Excel actions
Use the Excel actions to convert a Microsoft Excel document file into TIFF image files.
Excel Overview
The Excel conversion will convert electronic XLS and XLSX documents to a TIF file. One possible use of the TIF files is to perform recognition and subsequent rules processing on them. Use the available Excel conversion actions to set the conversion as desired, then use the ExcelWorkbookToImage to convert the images that have been input to the batch.
If you are converting to TIF images so recognition can be performed, it is suggested that the output TIF format be one bit black and white, fax group 4 compressed images. Images of this specification work best for recognition.
Conversion Limits
When using the conversion actions, the maximum number of initial input files in a single batch using the default Alpha-decimal file name pattern is 1296. These files can then expand into more files within the batch, creating a batch with far more than 1296 total documents in the end.
For example, an input batch of a word document containing 6 pages will result in a batch of 7 files, the initial DOC file and then the resulting 6 TIFFs that were generated from the pages. For each file that is to be converted within the batch, there is a maximum of 1296 output pages. For example, a word document consisting of 2000 pages will only have the first 1296 pages converted to TIFF. Likewise, a single ZIP file has a maximum of 1296 files within it and a msg file has a maximum of 1296 attachments. The 1296 limit exists on each input file, not a total limit for all files combined.
When using the convert actions, there is a 3 level limit for embedded files. For example a MSG file can contain a ZIP file which can contain a PDF file. At the end of the conversion, all files will be extracted and all of the pages in the PDF will be converted to a TIFF. An example that isn’t allowed is a MSG file that contains a ZIP file that contains another ZIP file that contains a PDF because. this has a 4 level hierarchy, which is not permitted.

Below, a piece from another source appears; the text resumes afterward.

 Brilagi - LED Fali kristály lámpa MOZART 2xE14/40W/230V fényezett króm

To scan more than 1296 files into a single batch requires using the SetNamePattern action with the parameter '2' which selects the alternate file naming pattern of TMxxxxxx. In this use case all files scanned or expanded from an original scanned file will be assigned the next available TMxxxxxx pattern where xxxxxx is a range from 1 to 999999; allowing up to a total of 999999 files in a single batch after all scanned files have been expanded.
The Rules
Because rules are flexible, there are multiple ways that your applications can use the electronic document conversion actions. The following is one recommended way of using the actions within your Application.
Perform the electron virtual scanning in its own task profile, to create the batch of input documents to be processed. Use the electronic document conversion actions in their own task profile.

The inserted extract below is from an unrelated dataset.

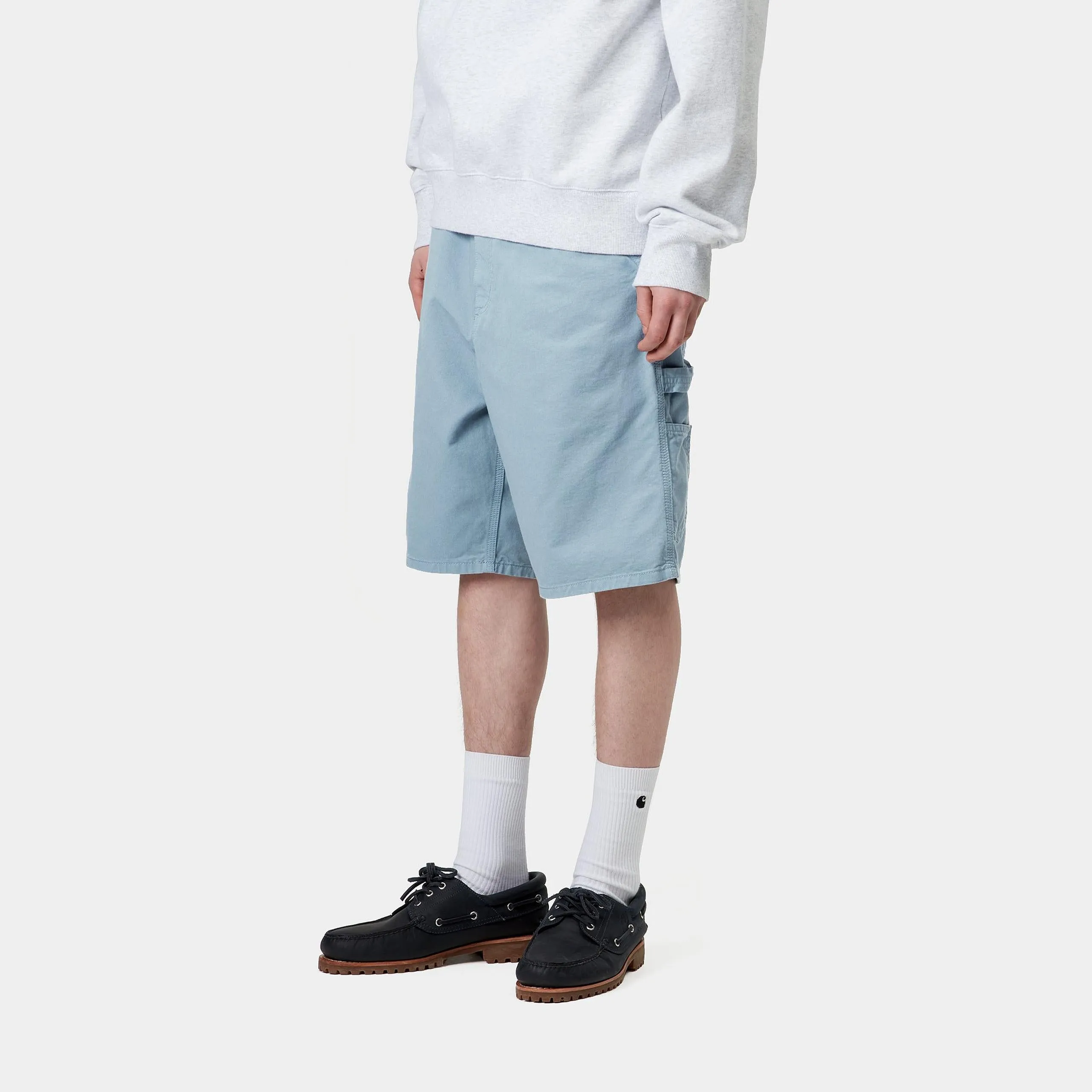 Carhartt WIP Mens Single Knee Newcomb Drill Short | Clay Blue sold by The Foot Factory product image thumbnail 5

In a single ruleset, you can perform all of the actions to convert your electronic documents to TIF files prior to recognition. Create a function for each type of electronic document that you expect to convert with the electronic document conversion actions. For example, one function to operate on ZIP files, another to operate on Word files, etc., for as many different types as you need. If the default values are not adequate, use the actions to configure your output format, then use the action to convert the document to a TIF file for each page within the document. If the page is not of the expected type, the action will return false and proceed to the next type and attempt to convert again. This operation will continue until all of the desired types have been converted. Types that are not expected, will be ignored by this process. You can setup additional rules to handle them, if required by your specific application.
Example Ruleset
The following shows a specific example ruleset and functions configured to process PDF, Word and Excel documents using the convert actions. You can add more functions to process other file formats supported by convert, such as splitting tiff files, zip files, etc.
Execution runs through each of the functions until a function completes successfully. The page status is first checked and then it attempts to convert the page. If the page is converted successfully, the page status is set to 75, meaning it is deleted. The function completes and no further processing is performed on the ruleset. If the document cannot be converted because the type does not match, then control passes to the next function and again attempts to convert the page.
Ruleset Convert Files
- Function Process PDF
- - ChkDCOStatus("49")
- - PDFDocumentToImage()
- - SetDCOStatus("75")
- Function Process Word
- - ChkDCOStatus("49")
- - WordDocumentToImage()
- - SetDCOStatus("75")
- Function Process Excel
- - ChkDCOStatus("49")
- - ExcelWorkbookToImage()
- - SetDCOStatus("75")
Setting the page to a deleted status allows that page to be skipped by subsequent processing. For example, if you use virtual scan create a batch containing a PDF document, then convert the PDF to a series of image files using the convert actions, it is likely that you no longer need to perform any further processing on the input PDF file. An application could skip processing of these pages, as needed, by first calling ChkDCOStatus("49") and the following actions in the function will only be run on pages that have that status.
As a general rule, subsequent processing and recognition is performed on the TIFF files that were created at run time, such as the TIFF created from DOC file, not the parent DOC file. Note that setting the page to deleted does not remove the page reference from the DCO and it does not delete the file from the batch directory. Because the original file still exists, at export time it is possible to include the original document when exporting to an external repository.
Variables Created During Conversion
The conversion actions will store data in variables that may be useful. These are the variables created: "IMAGEFILE" : The name of the TIF file that is associated with the converted page. The value would typically look like this "01010000.tif". This variable is on the page level.
"ParentImage" : The name of the document that was used to create this page. If the TIF was created by the conversion of a WORD file, then the value would typically look like "02000000.doc". This variable is on the page level. If the page has multiple parents, such as when it was extracted from a ZIP file that was inside a ZIP file, then the parents will be separated by a colon. For example, TM000001.zip:01020000.zip.